Stopping the Scam
Well, this is not at all what I planned on posting this month, but I guess no one ever expects for a scammer to show up at your door (virtually that is). Sadly, scammers do not discriminate over who they target and don't care who they hurt; they only care about money. I have been contacted twice by scammers through my site, and ironically they used almost the same story line both times. (They're not the brightest bulbs in the marquee but they're counting on you to be dumber than they are in order to get away with their nonsense.) Thankfully, both times I've been contacted I picked up on the scam and thanks to this website, run by Kathleen McMahon, I confirmed my suspicions and did not lose any money.

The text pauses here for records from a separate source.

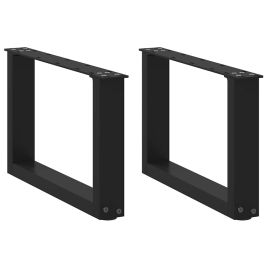 Coffee Table Legs U-Shaped 2 pcs Black 50x(30-31) cm Steel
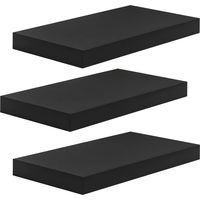 WOLTU 3x Floating Shelf Storage Display Unit Wall Mounted bookcases Unit Black 50 cm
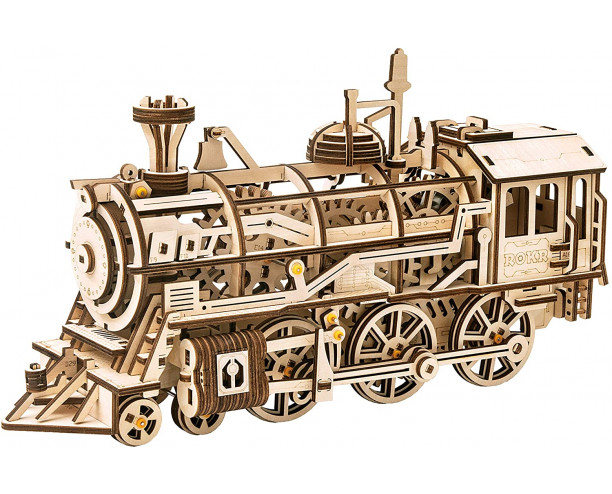 ROKR 3D Wooden Puzzle For Adults to Build Locomotive Train DIY Craft Model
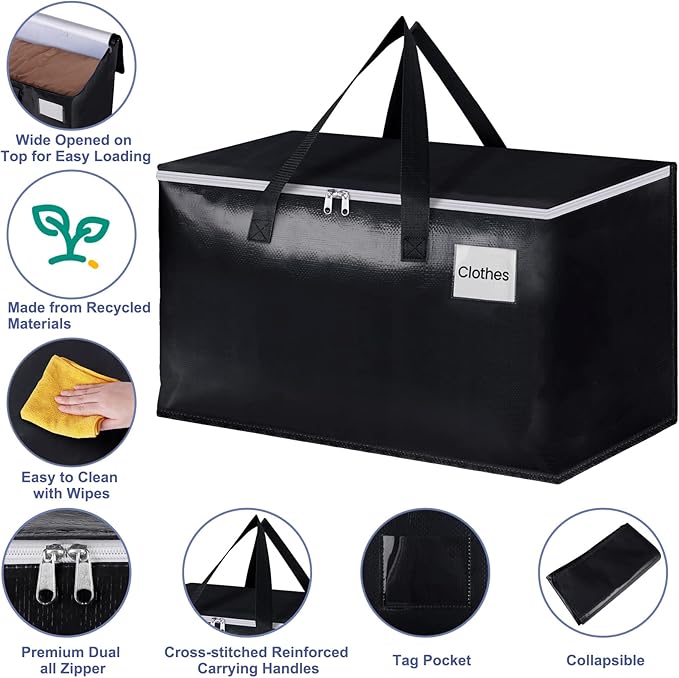 StorageRight Heavy Duty Moving Boxes-Moving Bags with Zipper, Reinforced Handles and Tag Pocket-Collapsible Moving Supplies-Totes for Storage Great for moving, Storage and Travel 93L(Black-6 Pack)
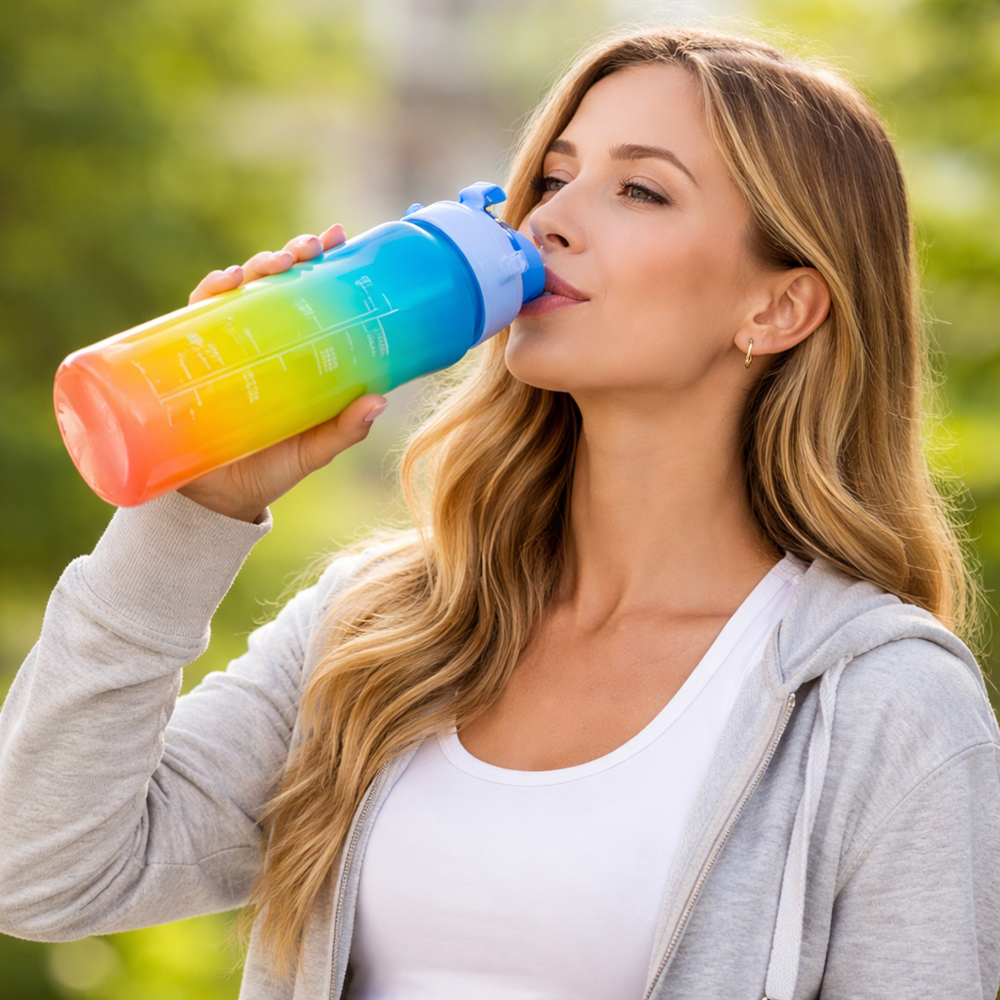 Háromrészes motivációs kulacs szett, kék-sárga-rózsaszín színkombinációban, 2L, 900 ml és 300 ml méretű palackokkal 4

The first time I was contacted I responded saying I knew the individual was a scammer and that I was reporting them, then I blocked their address. This time, inspired by British comedian James Veitch... I decided to get a little more creative. I tried responding to the scammer's request and see if I could reel HIM in a little and actually frustrate him to the point were I could get him to give up in disgust, but I must have delayed too long in responding because I haven't heard back from him at all. (Either that or the tip off could have been that I declined his request to pay by check and said I'd only accept PayPal or gold bullion... was that too much of a give away??) ;) I'm actually bummed because I was sincerely looking forward to applying some of James Veitch's tactics and having a little fun myself, but oh well. Should I get a reply from him after posting this I'll be sure to share an update.
Anyway, the point of all this is not just to share my story but to warn others - particularly artists - about how to spot a scammer before you're out a ton of money and potentially your artwork. Please read this article as it goes over the different red flags that can alert you to the fact that a request for artwork is actually a scam: https://www.artworkarchive.com/blog/don-t-be-fooled-by-email-art-scams-how-to-spot-and-avoid-fraud FYI - I got hit with the "my wife seems to be a fan of your work / I'm looking for an anniversary gift for my wife" version of the scam. The address it came from this time was: firstname.lastname@example.org.
If you ever get contacted by a scammer be sure to alert others online with their information! We need to look out for one another and prevent these people from taking advantage of vulnerable people if we can. It can feel like a game of whack-a-mole, but I do believe every little bit helps. Stay safe out there!